My WS left the marriage for 7 years and we have been in R for almost 9 years now. It may be "crazy" to you, but it has happened to people here.

end t/j

medicgal ~ It sounds like there is even more going on than just the one Facebook look-up (i.e. the "odd messages from a friend that she was cc'd on."). As others have said, only you can define what a deal-breaker is in your relationship. That said, of course you are "justified" to have this as a deal-breaker.

Prior to this had you set up clear boundaries about what was considered a deal-breaker or what you expected out of R? When is your next counseling session together? Also, how is he reacting to your pain and grief involving this recent FB search?

TxsT posted 8/5/2013 10:59 AM

I think saying you are done is ok in this situation. It is a bit of 180, it will make him stop and think hard about his actions and if they were worth it.

The biggest problem I have here with your post is your comment about you catching him CCing her on emails. I would be more upset that that was occuring then the looking at pictures.
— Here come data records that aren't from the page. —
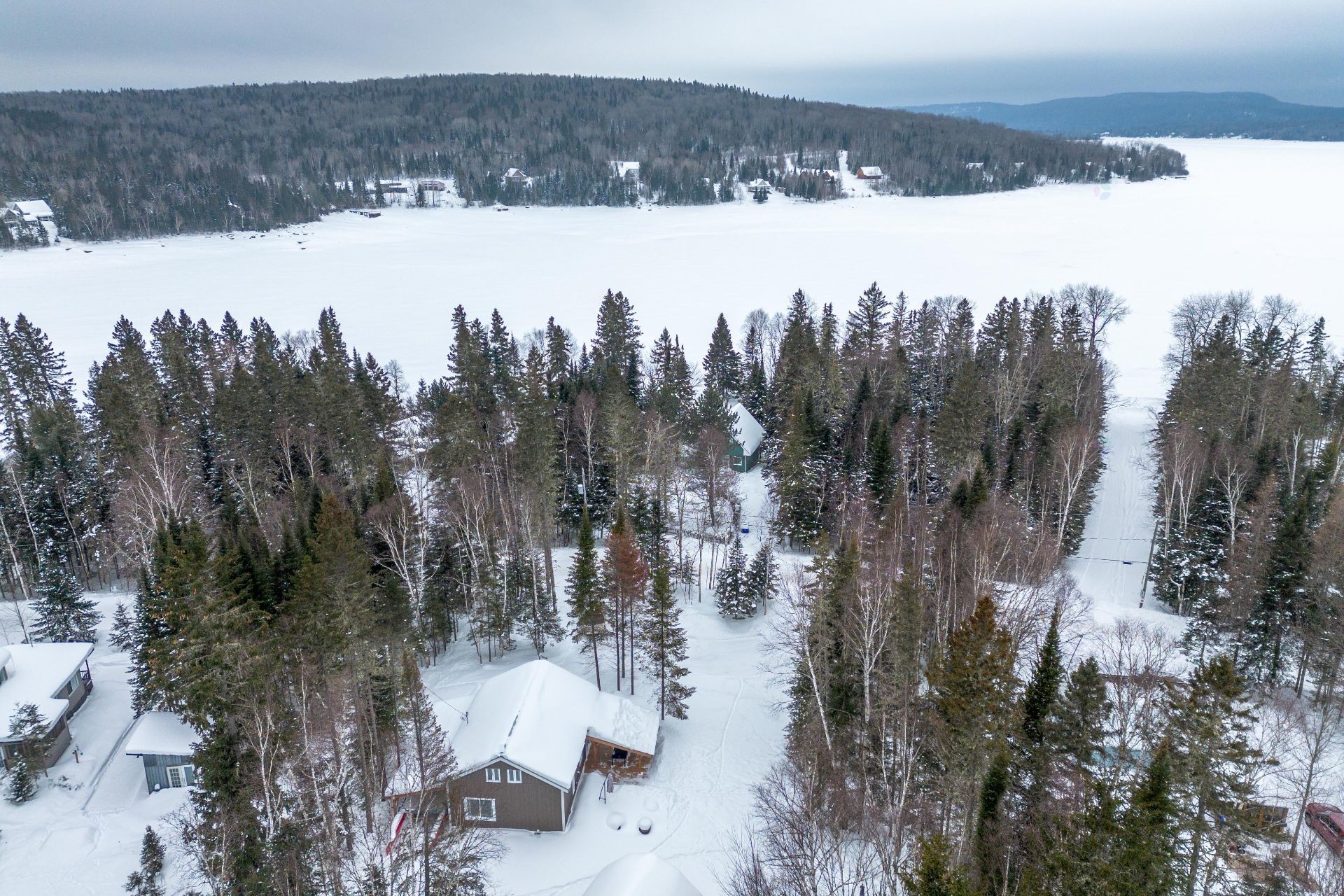 









100


Ch. du Domaine

,
Saint-Michel-des-Saints,




QC
J0K3B0

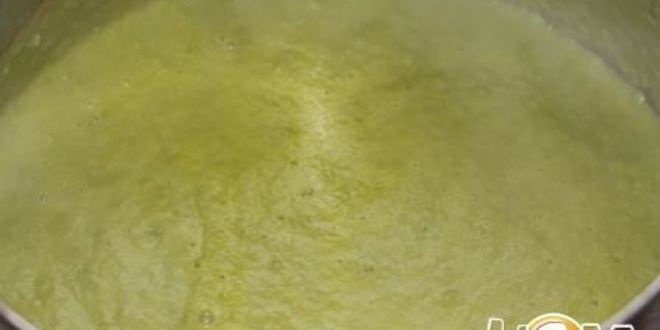 Рецепт супа пюре из горошка с хрустящим луком и паприкой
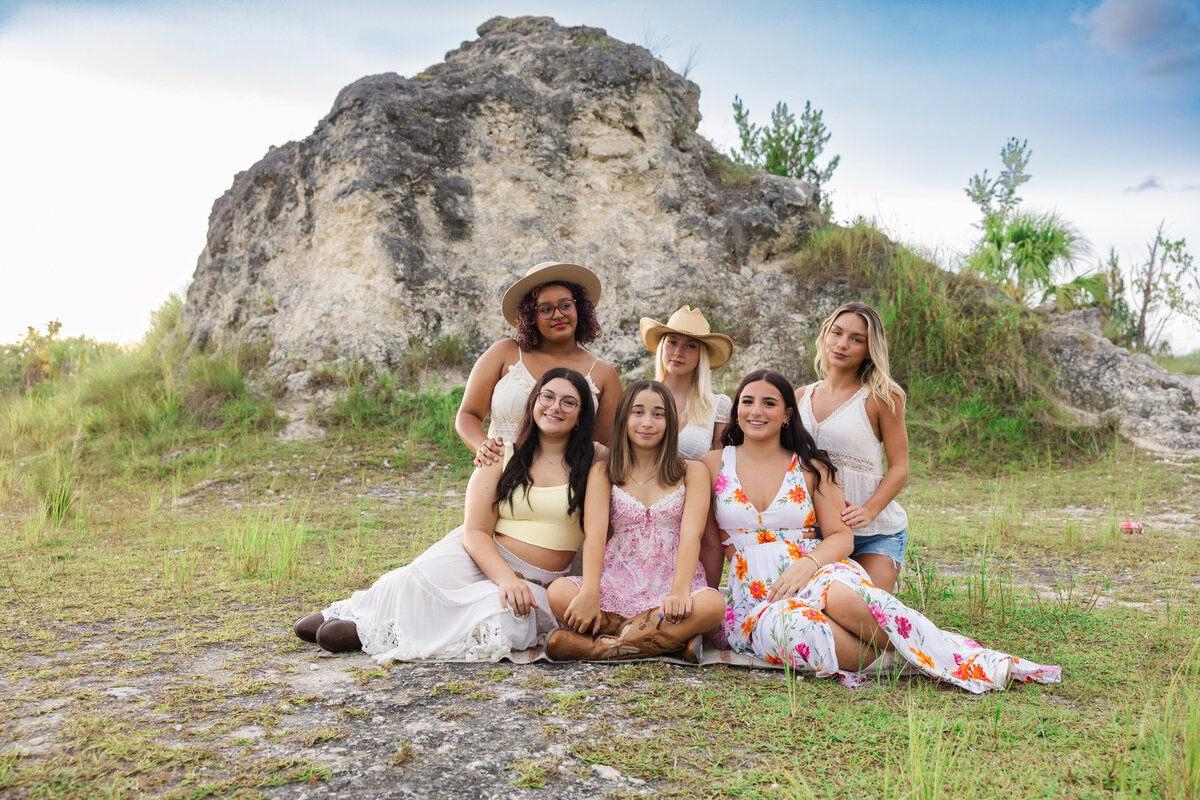 Suzie Lopes Photography - Blog Boho Senior Session-51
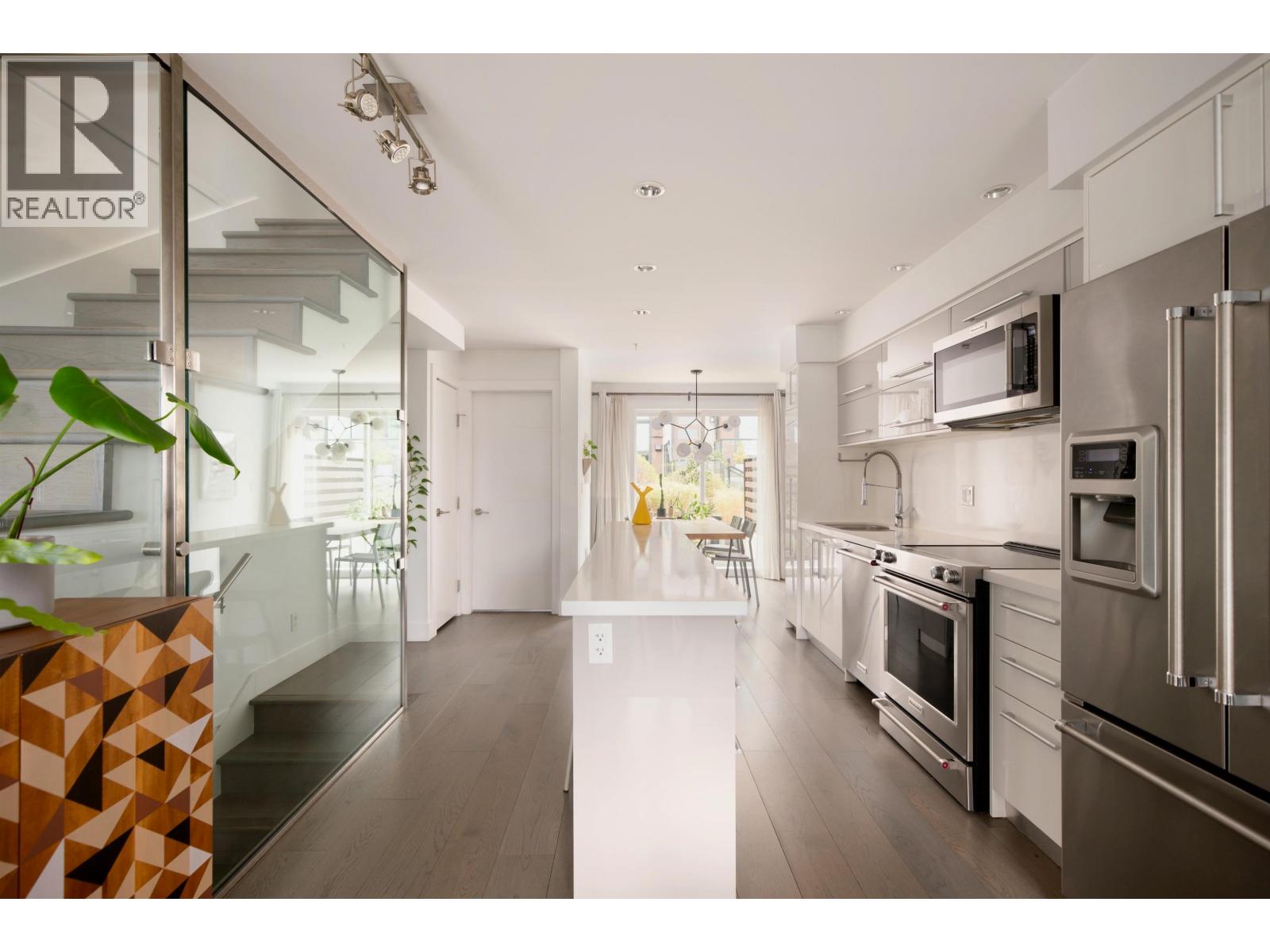 4 2358 Western Avenue, North Vancouver, British Columbia  V7M 2L3 - Photo 6 - R3107021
His friend might be acting as a conduit for your WH and OW to communicate...that I would really explore until I was happy that was not happening.

I have said to my RWH on 3 or 4 occastions that I was finished with trying to make this work. He paniced and worked 10 times harder each time. But I was always careful to tell him why I was done and tired. It was a way for us to get over big bumps in the road of recovery because he knows and sees how hard I am working at this.

T

sportsfan posted 8/5/2013 11:00 AM

This is something that needs to be addressed during MC and particularly during his IC.

He needs to know why he did it and it isn't just b/c he wanted to know if he breathed a little harder when her pic came up (which is likely an excuse anyway).

He needs to hear it from your MC that this shit doesn't fly anymore. This is a blow to your M, whether you learned of it or not ... your MC needs to convince him of that.

Hang in there ...

medicgal posted 8/21/2013 13:26 PM

I decided to call it quits, that google image finding on the 4th is just not ok after everything that has happened. Its a bummer, he really did try hard, he made a huge goof and claims it was more out of boredom than anything but it just isnt sitting right. I have been completely devoid of emotion since that day, like I cant even get mad anymore or even cry. So, hes moving out today. Trying to do this maturely and amicably but man is it hard to let so much go. Im staying in the house with my two kids as not to disrupt them since school jsut started. It will be financially tough but Im gonna give it my best. Anyway, thought I would post the "The End" to my post, as people do wonder what others do/decide. Good luck to all- stay strong and true to yourself and your morals.